A financial analyst says prices being paid for Western Canadian oilsands bitumen have fallen so far that producers are losing money on every barrel sold into the spot market.
Analyst Matt Murphy of Tudor, Pickering, Holt & Co. says recent headlines have been focused on the falling value of the Western Canada Select (WCS) price, but that measure is for a blend of heavy, sticky bitumen and the light oil needed to dilute it so it can flow in a pipeline.
The price of WCS fell to about $19 US per barrel on Thursday, about $52 per barrel below the benchmark U.S. West Texas Intermediate price.
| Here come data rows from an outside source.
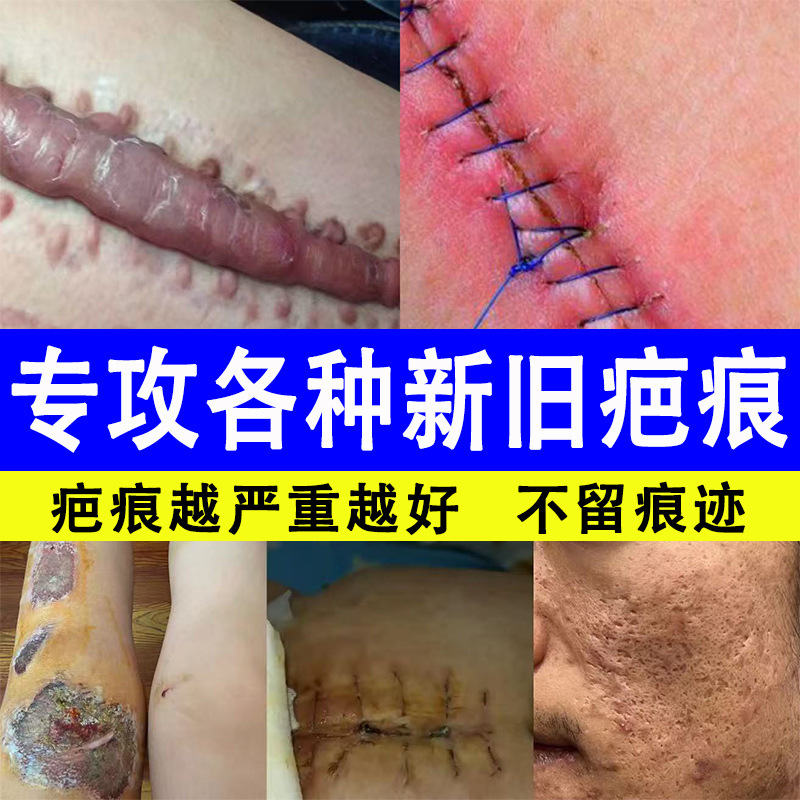 Scar Repair Cream, Scar Removal Cream, Post-Scald Post-Operative Postpartum Scar Hyperplasia Scar Repair, Whole Body Beauty Salon Scar Cream
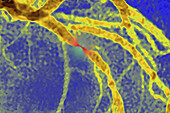 Stenosis due to myocardial infarction, angiography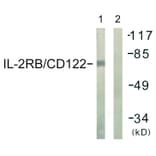 Western Blot - Anti-IL-2R beta Antibody (B1063) - Antibodies.com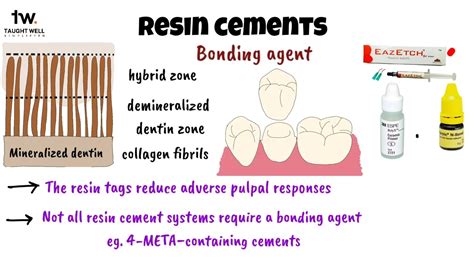 Dental Cements Compomers And Resin Cements Youtube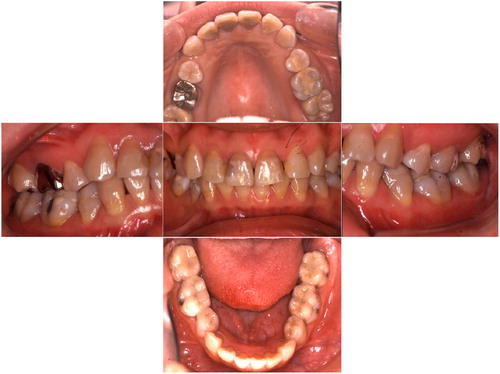 Figure 7. Intraoral photos taken at the 7-year follow-up. No substantial wear was noted on the resin-only restorations.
But Murphy says the condensate used to dilute the bitumen was selling for about $63 per barrel at the same time and that means the bitumen part of the WCS barrel was actually fetching between negative 11 cents and negative 28 cents per barrel.
It’s the first time that has happened, he says, adding bitumen prices have always been in positive territory — even in early 2016, when U.S. oil prices fell below $30 per barrel.
He says he expects the negative pricing situation to be short-lived, however, as demand will increase when U.S. refineries complete fall maintenance and growing crude-by-rail capacity will help bring barrels to market that can’t fit into Canada’s full pipelines.
Different types of bitumen need differing amounts of diluent to flow in a pipeline, with the newest mining projects such as Suncor Energy Inc.’s Fort Hills mine requiring 10 to 25 per cent diluent and steam-driven projects that produce from wells needing 30 to 40 per cent diluent, he said.